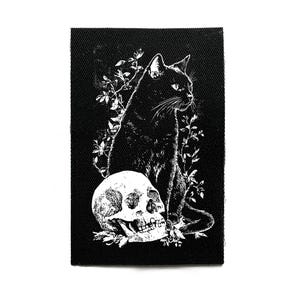 Puede incluir: Parche negro con una ilustración blanca de un gato negro sentado sobre una calavera, rodeado de follaje. El gato está de perfil. El fondo es negro.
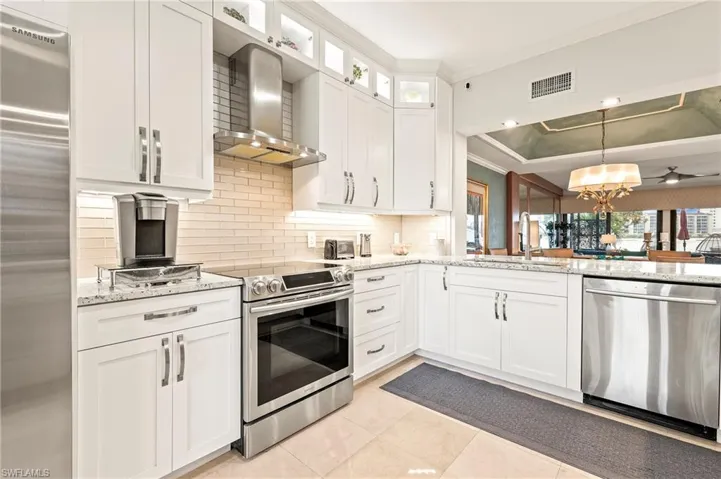 Kitchen featuring white cabinetry, appliances with stainless steel finishes, glass subway-tiled backsplash, wall chimney exhaust hood, and sink.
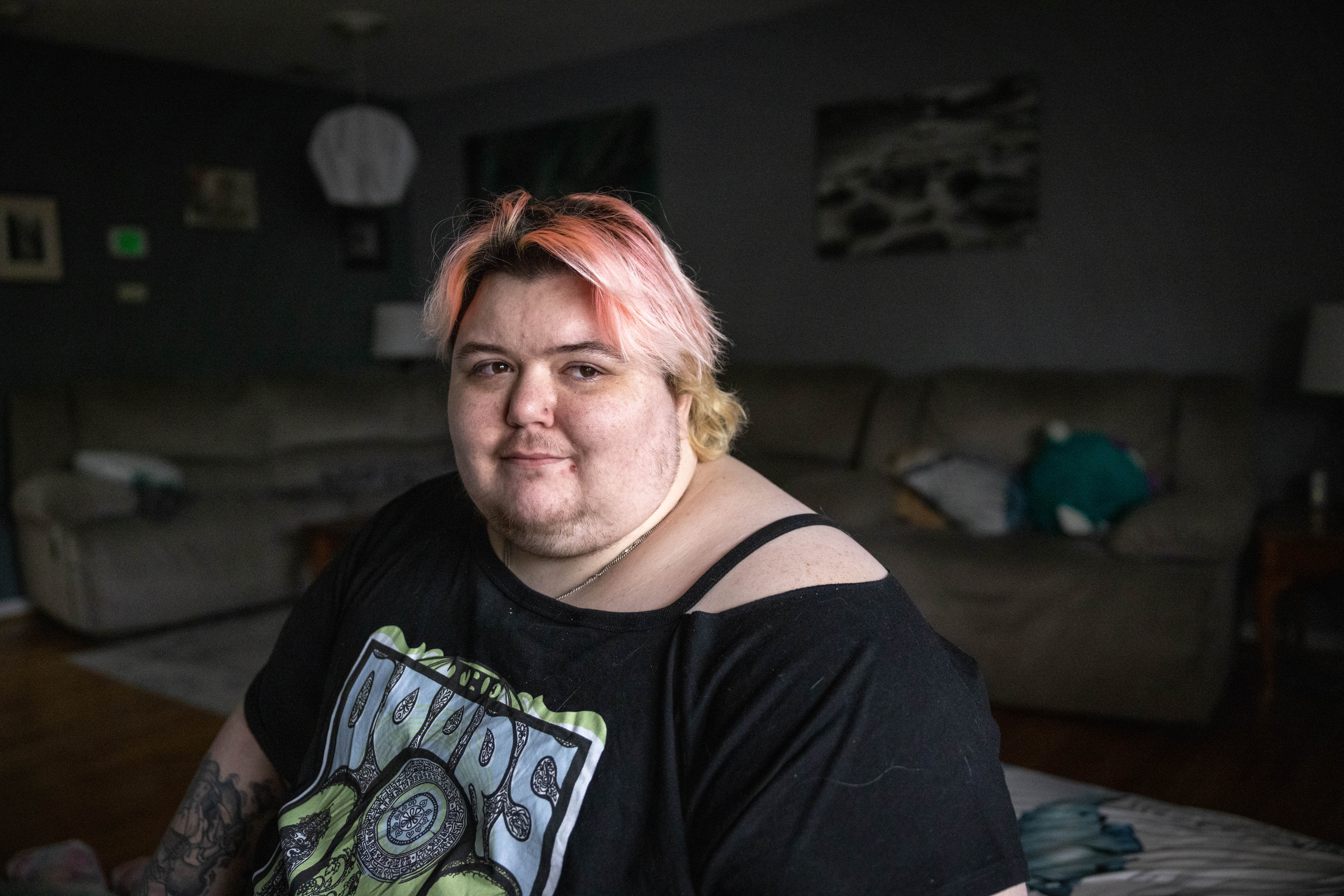 Vince Wescott poses for a portrait in his home.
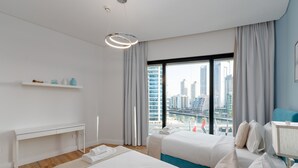 A modern hotel room with two beds, a desk, and a large window offering a city view. - Modern 3BR Maid s Iconic Ain Dubai Views (Dubai)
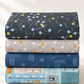 Vertical stack of coordinating modern quilting fabrics in charcoal, gray, navy, and pale blue, topped with Bluish Pins & Buttons Charcoal.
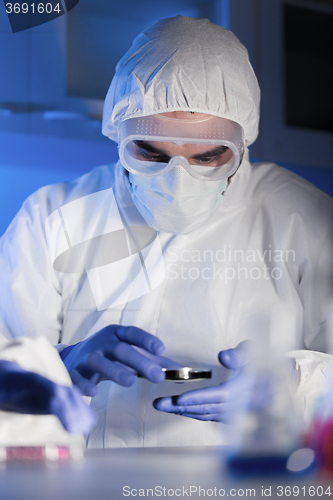 Image of close up of male scientist with test sample in lab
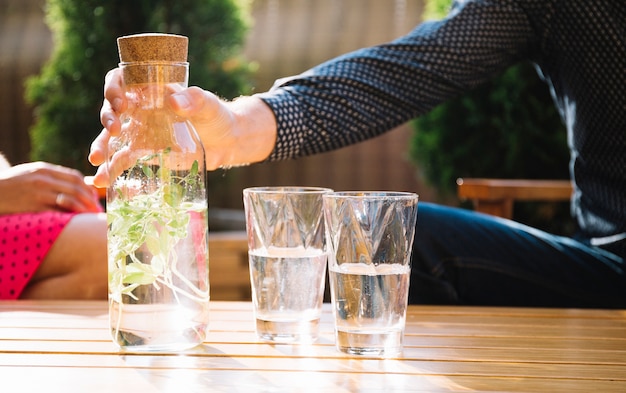 La mano del hombre que sostiene la botella herbaria de cristal de la bebida con dos vidrios en la tabla de madera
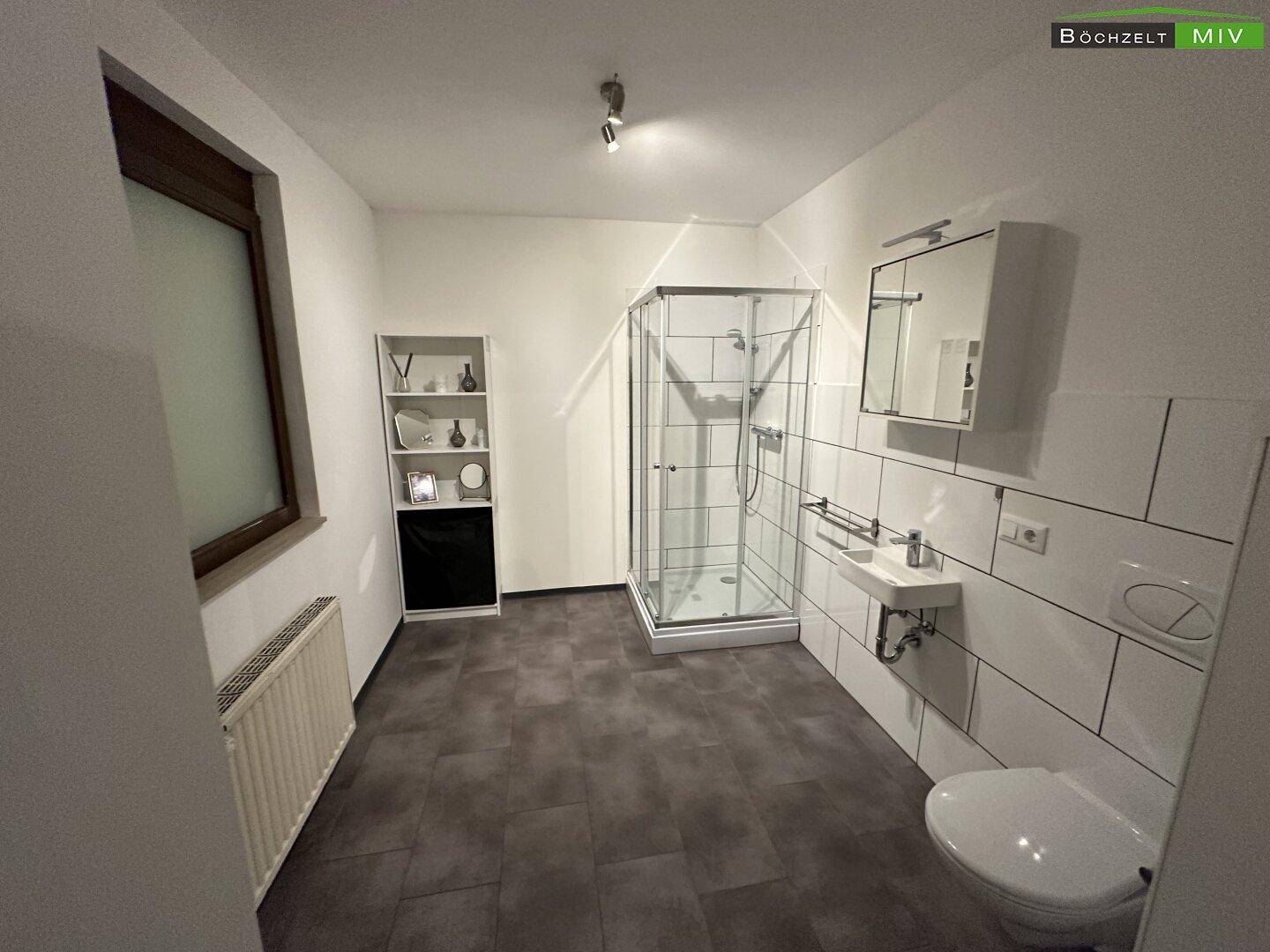 Geräumiges Schlafzimmer mit Bett, Duschkabine und Waschbecken, sowie einem Fenster für natürliche Belichtung.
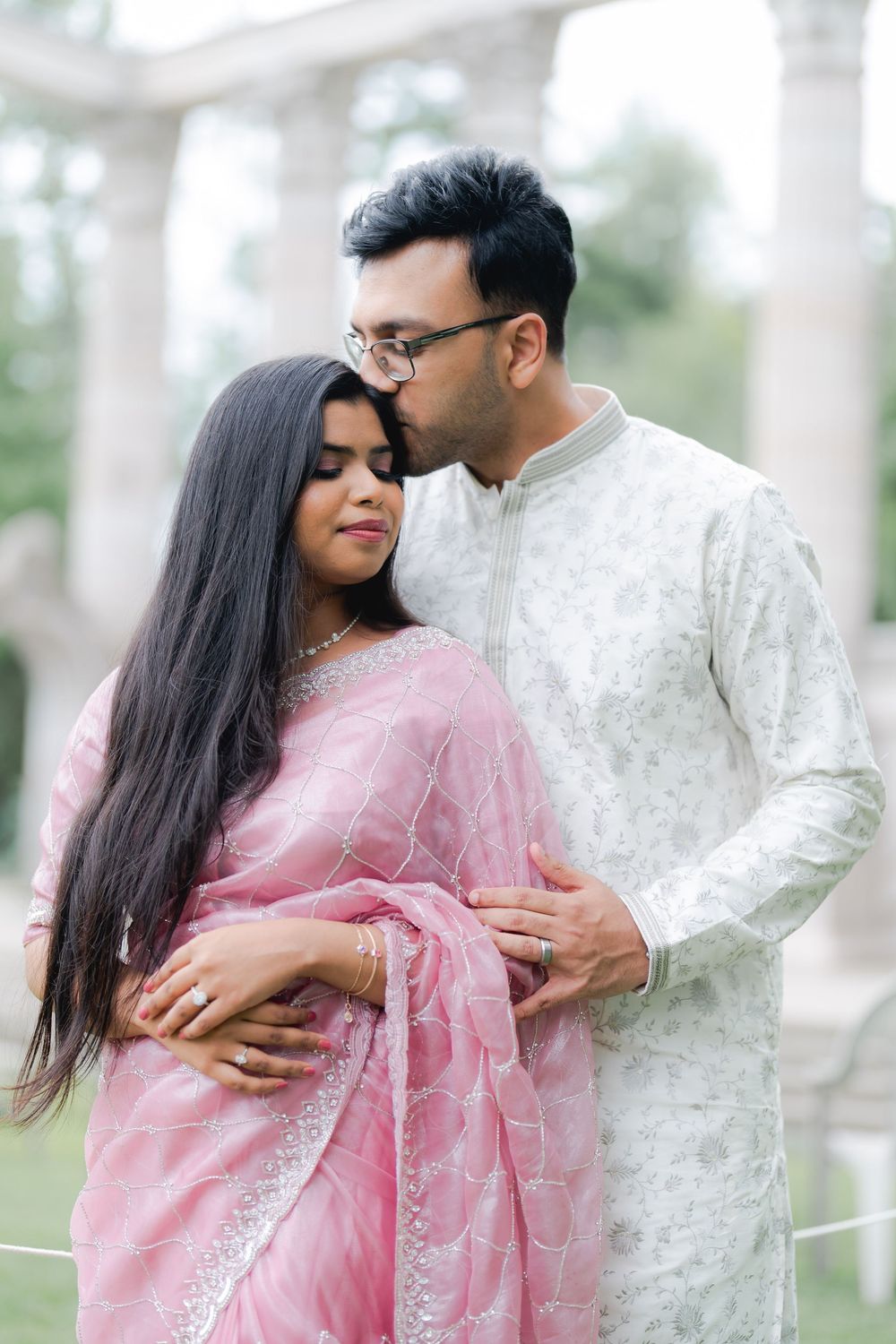 A couple in traditional South Asian attire, man kissing woman's temple while embracing outdoors near columns.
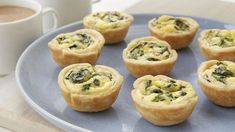 small quiches with spinach and cheese on a blue plate next to a cup of coffee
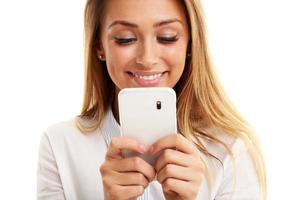 Portrait of Beautiful Young Business woman using mobile phone isolated on white background photo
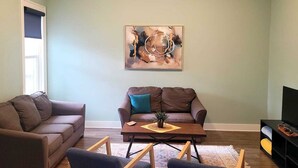 A living room with two sofas, a coffee table, and a painting on the wall.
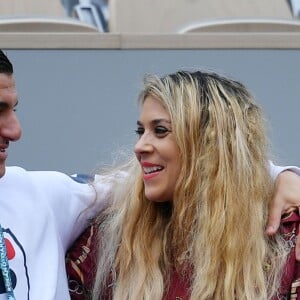 Exclusif - Marion Bartoli et Yahya Boumediene s'embrassent dans les tribunes des Internationaux de France de Tennis de Roland Garros à Paris. 22 mai 2019.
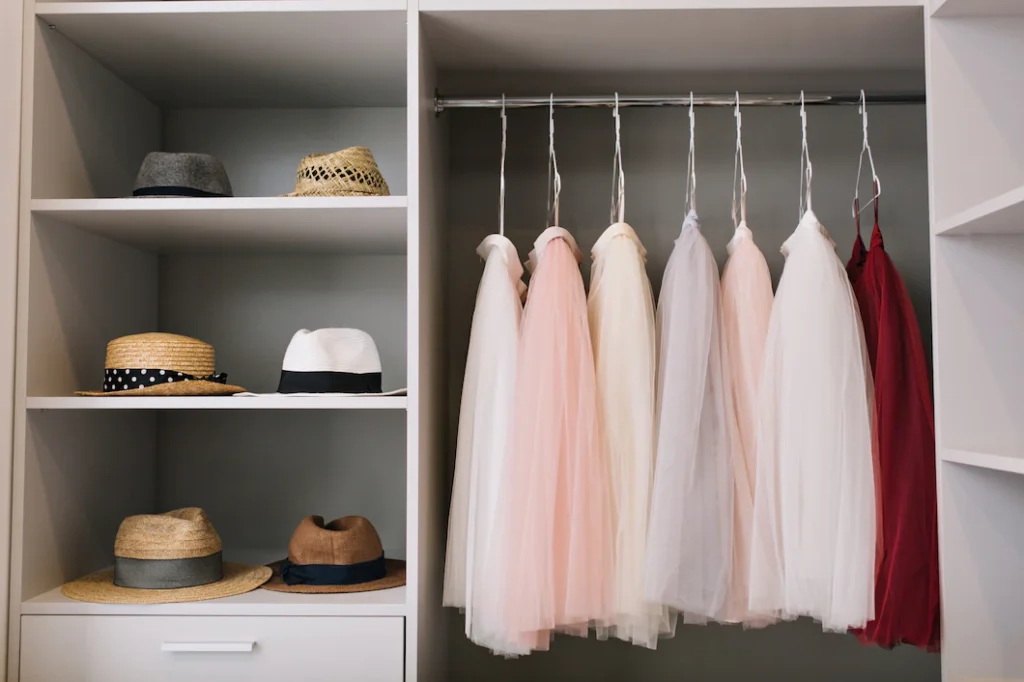 modern-bright-dressing-room-with-shelves-fashionable-hats-beautiful-pink-red-dresses-hanging-wardrobe_197531-1668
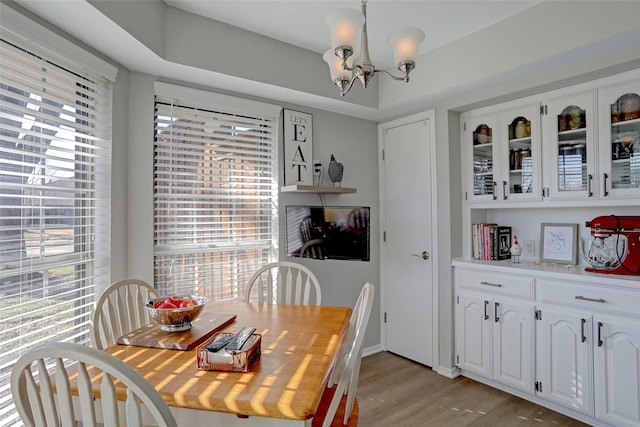 dining room featuring a notable chandelier and light wood finished floors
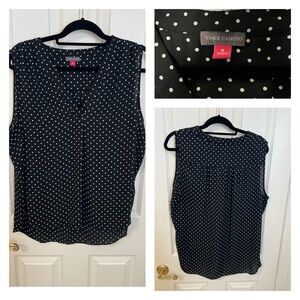 Vince Camuto black V next summer sleeveless to with white polka dots.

» **Exercise aim**
Set down the whole listing exactly as given, except for the pictures.

» **Response for this exercise**
 Puede incluir: Parche negro con una ilustración blanca de un gato negro sentado sobre una calavera, rodeado de follaje. El gato está de perfil. El fondo es negro.
 Kitchen featuring white cabinetry, appliances with stainless steel finishes, glass subway-tiled backsplash, wall chimney exhaust hood, and sink.
 Vince Wescott poses for a portrait in his home.
 A modern hotel room with two beds, a desk, and a large window offering a city view. - Modern 3BR Maid s Iconic Ain Dubai Views (Dubai)
 Vertical stack of coordinating modern quilting fabrics in charcoal, gray, navy, and pale blue, topped with Bluish Pins & Buttons Charcoal.
 Image of close up of male scientist with test sample in lab
 La mano del hombre que sostiene la botella herbaria de cristal de la bebida con dos vidrios en la tabla de madera
 Geräumiges Schlafzimmer mit Bett, Duschkabine und Waschbecken, sowie einem Fenster für natürliche Belichtung.
 A couple in traditional South Asian attire, man kissing woman's temple while embracing outdoors near columns.
 small quiches with spinach and cheese on a blue plate next to a cup of coffee
 Portrait of Beautiful Young Business woman using mobile phone isolated on white background photo
 A living room with two sofas, a coffee table, and a painting on the wall.
 Exclusif - Marion Bartoli et Yahya Boumediene s'embrassent dans les tribunes des Internationaux de France de Tennis de Roland Garros à Paris. 22 mai 2019.
 modern-bright-dressing-room-with-shelves-fashionable-hats-beautiful-pink-red-dresses-hanging-wardrobe_197531-1668
 dining room featuring a notable chandelier and light wood finished floors
 Vince Camuto black V next summer sleeveless to with white polka dots.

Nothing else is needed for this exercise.